Our organisation has been using Databricks recently for ETL and development of datasets. However I have found the libraries/capabilities for raster datasets very limiting. There are a few raster/Spark libraries around, but they are not very mature. For example GeoTrellis, RasterFrames and Apache Sedona.
I have therefore been exploring alternative ways to efficiently work with raster data on the Databricks platform, which leverages Spark / Delta tables / Parquet files.
One idea I had was to dump the raster data to simple x, y, value columns and load them as tables. Providing my other datasets are of the same resolution (I will pre-process them so that they are), I should then be able to do simple SQL queries for masking/addition/subtraction and more complex user-defined functions.
Step one, I thought would be to dump my raster to points as a CSV, and then I can load to a Delta table. But after 12 hours running on my Databricks cluster (128GB memory, 16 cores), a 3GB raster had still not finished (I was using the gdal2xyz function below).

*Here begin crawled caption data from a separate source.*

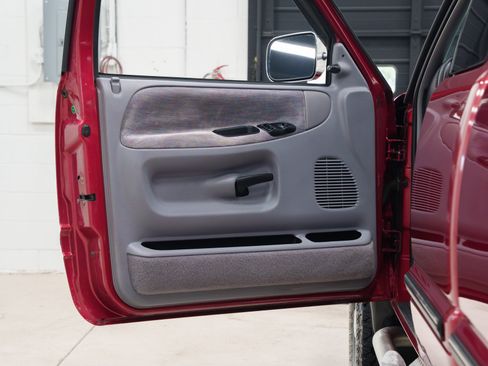 Used 1997 Dodge Ram 2500 Truck 4x4 Club Cab image 38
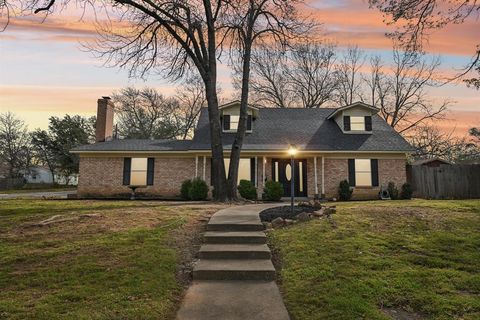 2001 Kerry Drive Arlington TX 76013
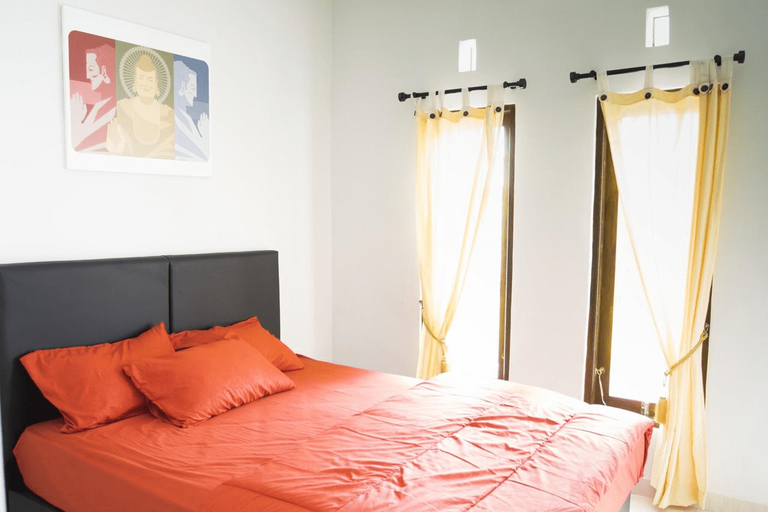 Bedroom 4, LaGriya Guest House, Denpasar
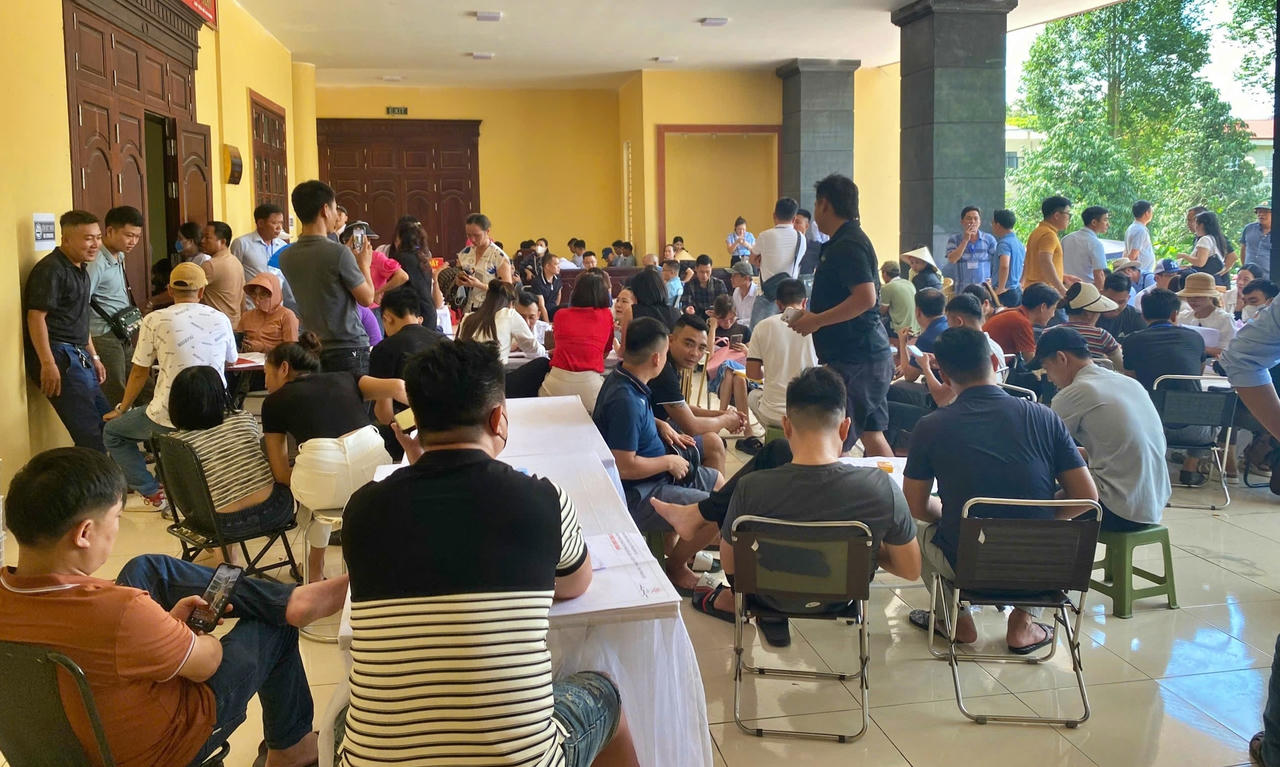 Các nhà đầu tư đứng chờ chực bên ngoài phiên đấu giá.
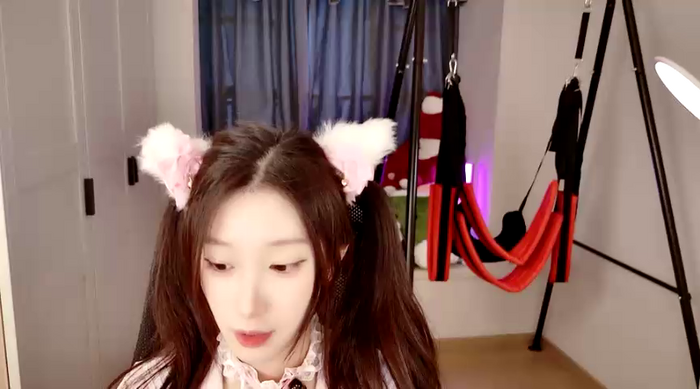 zxcsfgvcdhw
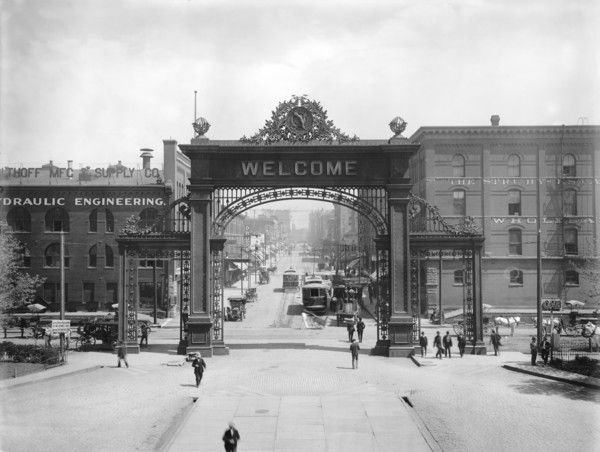 Street Scene, Welcome Arch, Union Depot, Denver, Colorado, USA, Detroit Publishing Company, 1908
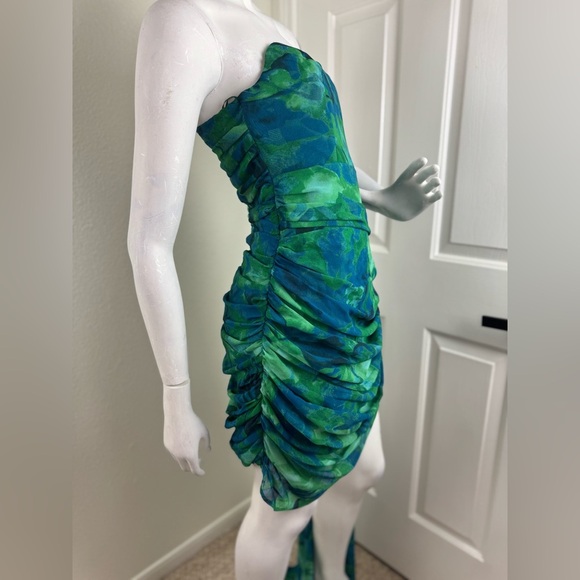 Elegant Green Floral Dress - Picture 3 of 13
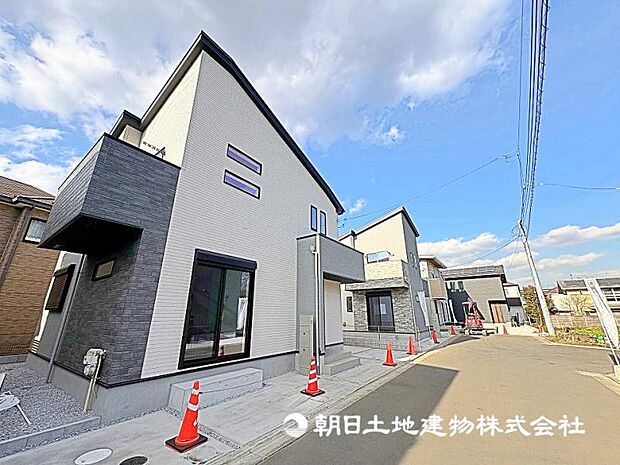 交通量の少ない閑静な住宅街ですので、小さなお子様がいらっしゃるご家庭でも安心してお住まいになれます。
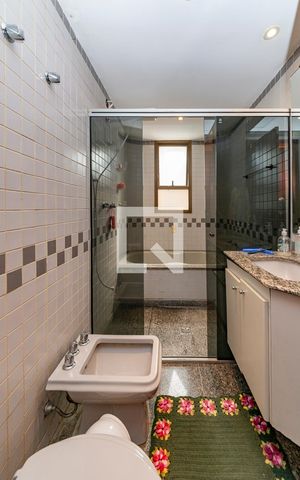 Apartamento à venda com 180m², 4 quartos e 4 vagasBanheiro da Suíte 1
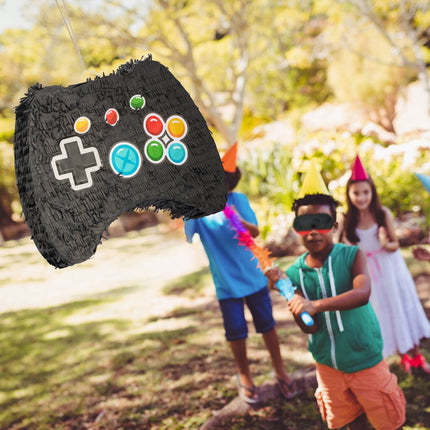 Piñata ve tvaru ovladače, sada s tyčí a škraboškou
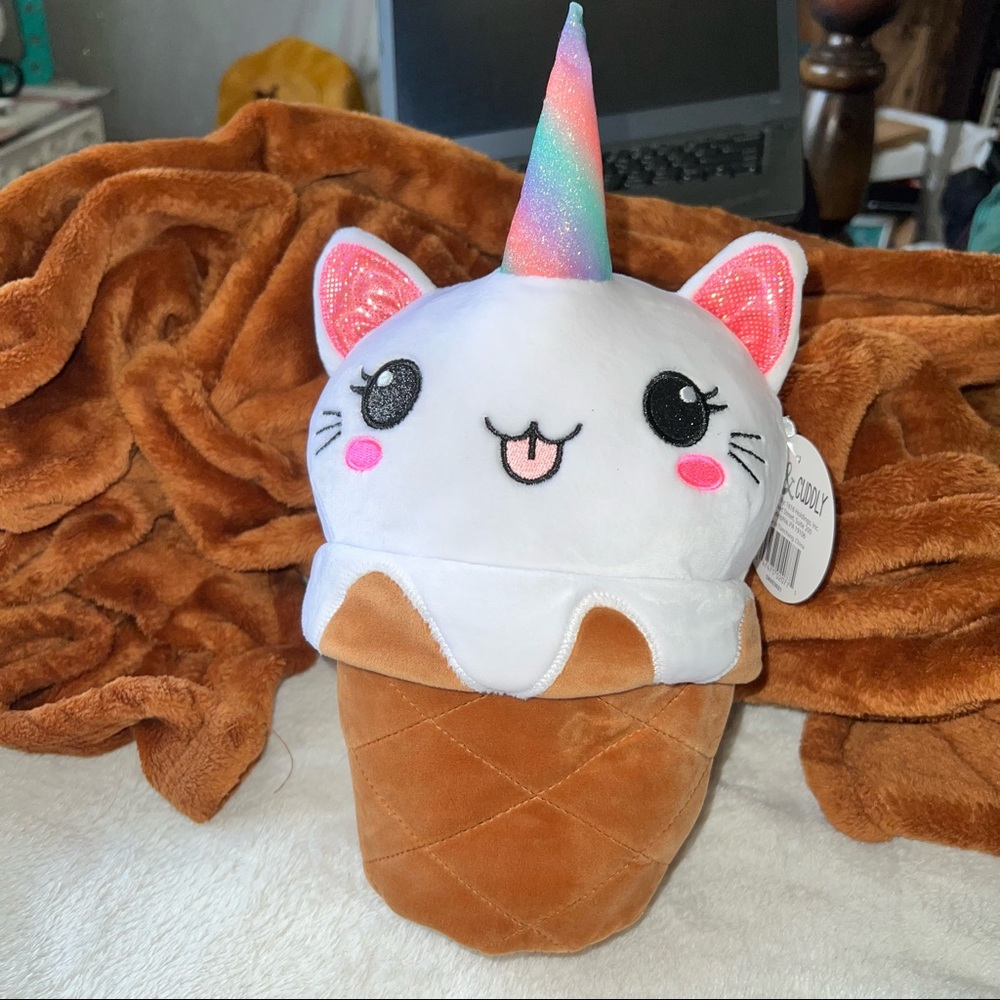 Cute & Cuddly “Ice Creamicat” Plush! For ages 3+ brand new with tags!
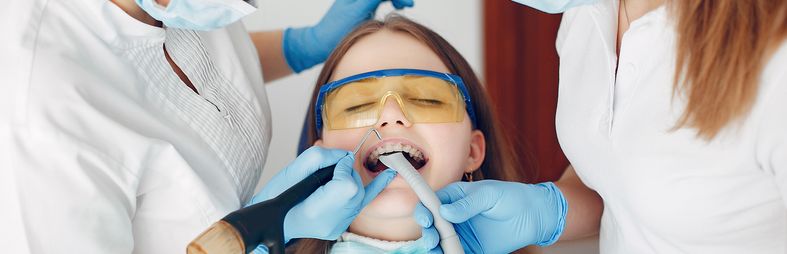 Фото первого экрана по центру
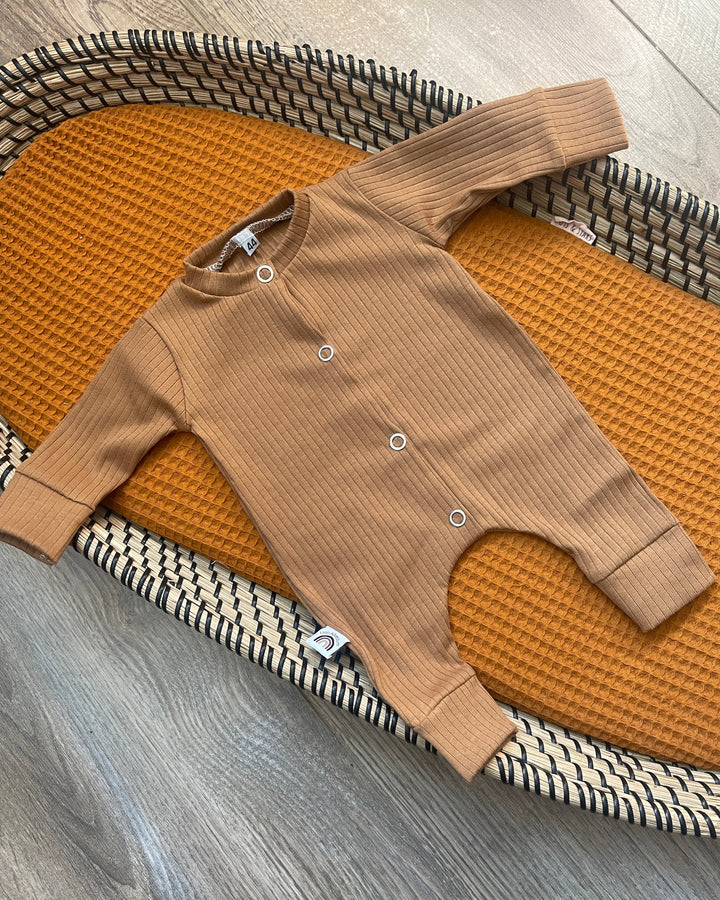 Baby boxpakje ribstof caramel bruin 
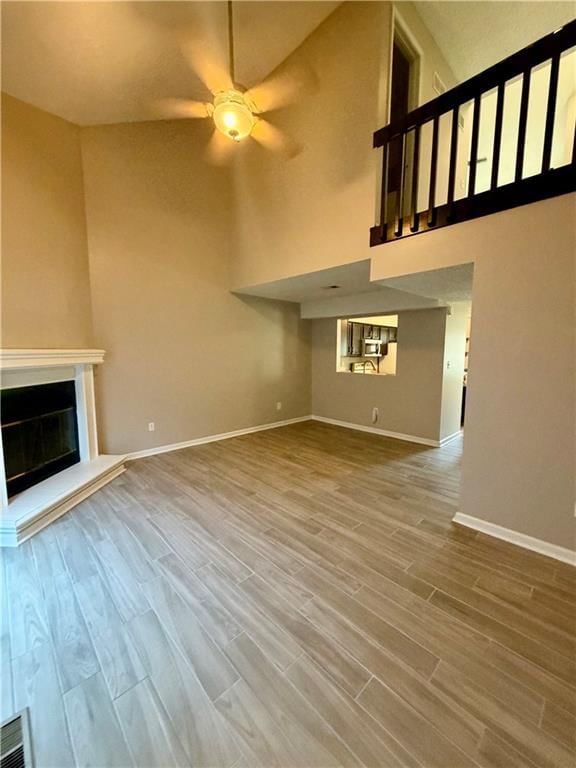 725 SW Liggett Road, Blue Springs, MO: listing photo 2
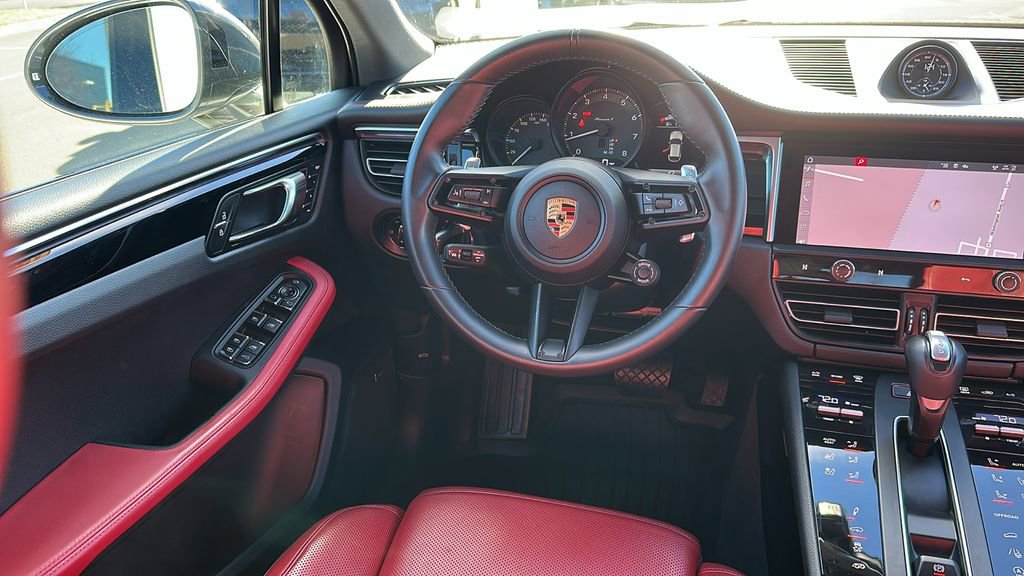 Used 2024 Porsche Macan Turbo image 25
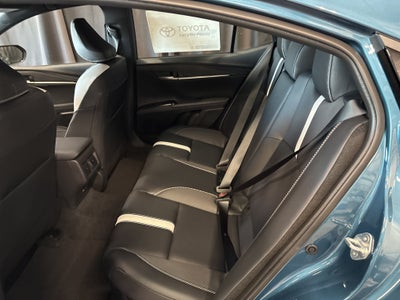 2026 Toyota Camry SE FWD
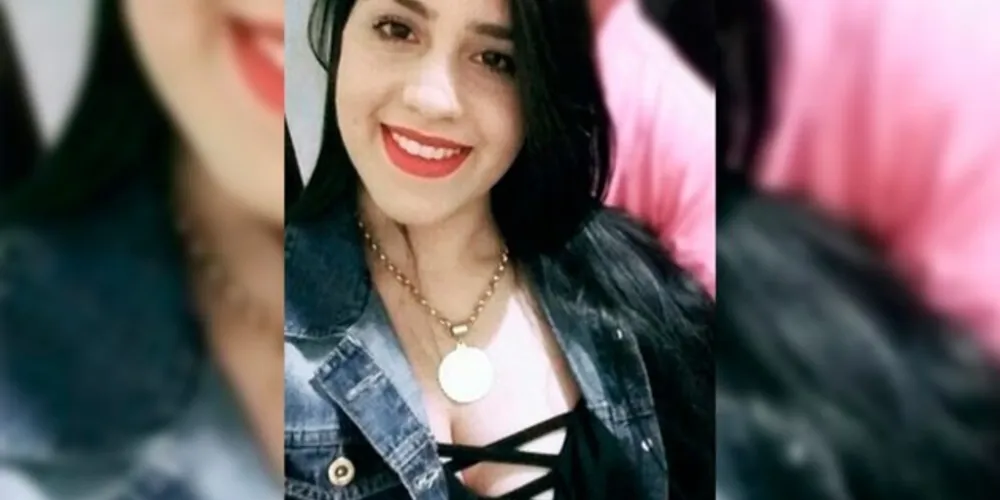 Thais morava com o namorado, porém o rapaz não estava na residência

Does anyone have a quicker way to dump a raster to CSV? Or even better, directly to parquet format.
python gdal2xyz.py -band 1 -skipnodata "AR_FLRF_UD_Q1500_RD_02.tif" "AR_FLRF_UD_Q1500_RD_02.csv"
Maybe I can tile the raster, dump each CSV to file using parallel processing, and then bind the CSV files together but it seems a bit laborious.
You can use Sedona to easily load GeoTiffs to DataFrame and save the dataframe as Parquet format. See here: https://sedona.apache.org/latest-snapshot/api/sql/Raster-loader/